Vascular disease

No difference in PCI and CABG outcomes for left main CAD


Percutaneous coronary intervention (PCI) and coronary artery bypass grafting (CABG) have gone another round in the ring and come out seemingly tied for efficacy in left main coronary artery disease (CAD), a study presented at the American Heart Association’s Scientific Sessions 2021 suggests.

The meta-analysis of 4,394 patients across four randomised clinical trials (SYNTAX, PRECOMBAT, NOBLE and EXCEL) with at least five years’ follow-up assessed long-term outcomes in recipients of PCI with drug-eluting stents versus CABG.

It found the groups had similar risks of 5-year all-cause mortality (11.2% PCI vs 10.2% CABG, hazard ratio [HR]: 1.10, P = 0.33), with non-cardiovascular deaths making up most of the numerical difference, cardiovascular death (6.2% vs 5.9%, HR: 1.07, P = 0.61) and stroke overall (2.7% vs 3.1%, HR: 0.84, P = 0.36).

Lead author Professor Marc Sabatine of Brigham and Women’s Hospital and his team did note a small difference in 5-year all-cause mortality, based on a Bayesian analysis, but it was likely less than 0.2% per year, favouring CABG.

Additionally, while CABG patients were less likely to have spontaneous myocardial infarction or repeat revascularisation (6.2% vs 2.6%, HR: 2.35, P < 0.0001 and 18.3% vs 10.7%, HR: 1.78, P < 0.0001), PCI patients had a lower stroke risk in the first year after randomisation (HR: 0.37).

Despite their apparent similarities, the study has still failed to “clearly establish superiority or non-inferiority of PCI over the current gold standard of CABG”, due to an insufficient number of assessed patients, McMaster University cardiologists Assistant Professor Emilie Belley-Côté and Professor Philip Devereaux wrote in an accompanying editorial.

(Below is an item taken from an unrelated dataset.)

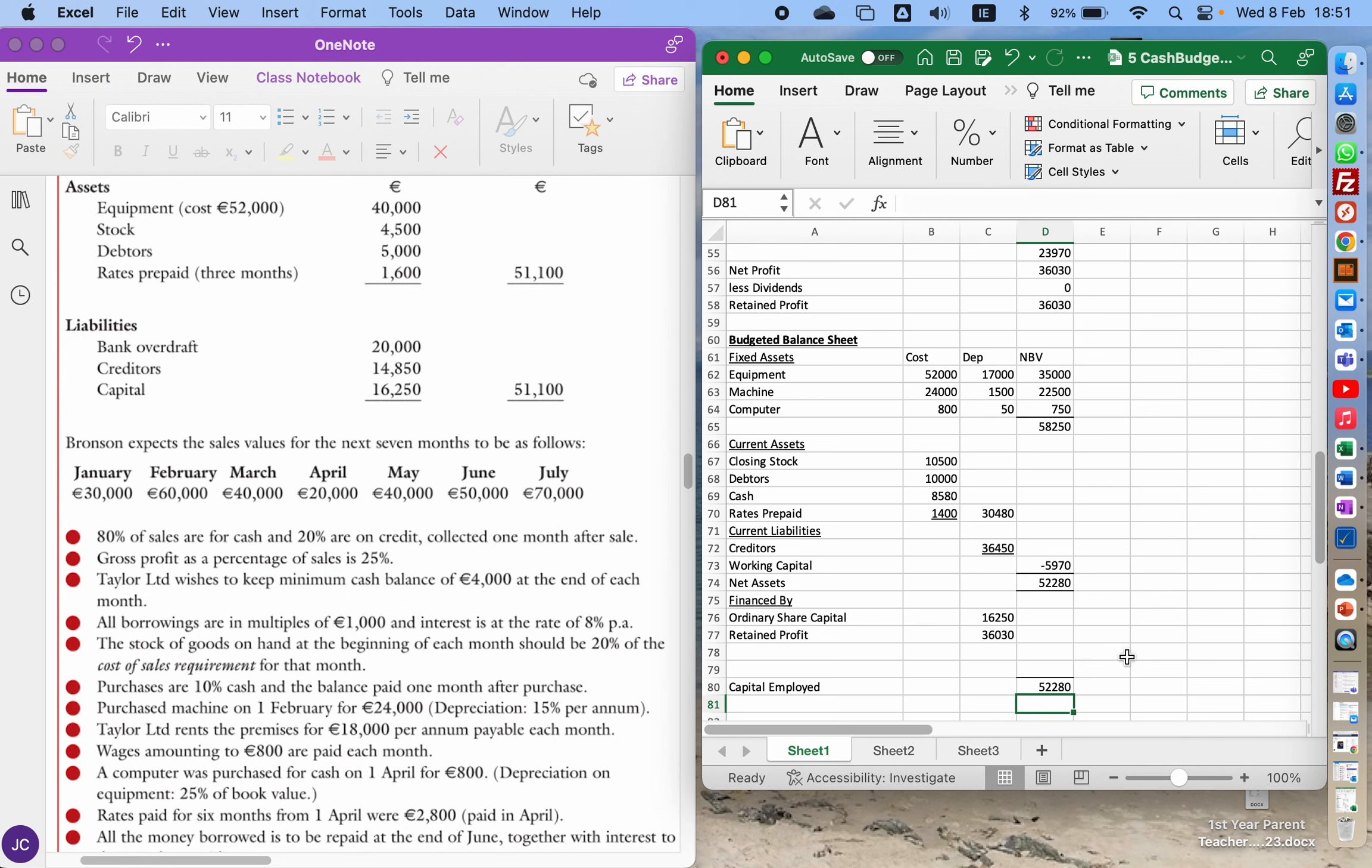That number, it turns out, is correct because our two figures match up. If they don't match up, my advice to you is still finish the question, still add up everything. Give yourself one minute to have a look and see if you can spot the mistake. If you can't, leave it.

For PCI’s still unproven standing against CABG, the procedure has been championed by many interventional cardiologists for left main CAD patients with low-to-intermediate anatomical complexity, they noted, since it’s less invasive and requires a shorter recovery time.

Trials “larger than the the aggregate of SYNTAX, PRECOMBAT, NOBLE and EXCEL” are needed to cement PCI’s place in treating the condition, the commentary stated.

For now, interventional cardiologists and cardiac surgeons need to work together when choosing a revascularisation approach while considering expertise, available data and and patient preference, the authors suggested.

“Until definitive trial data become available, patients deserve to be presented with the advantages, disadvantages, and uncertainties of both approaches,” they concluded.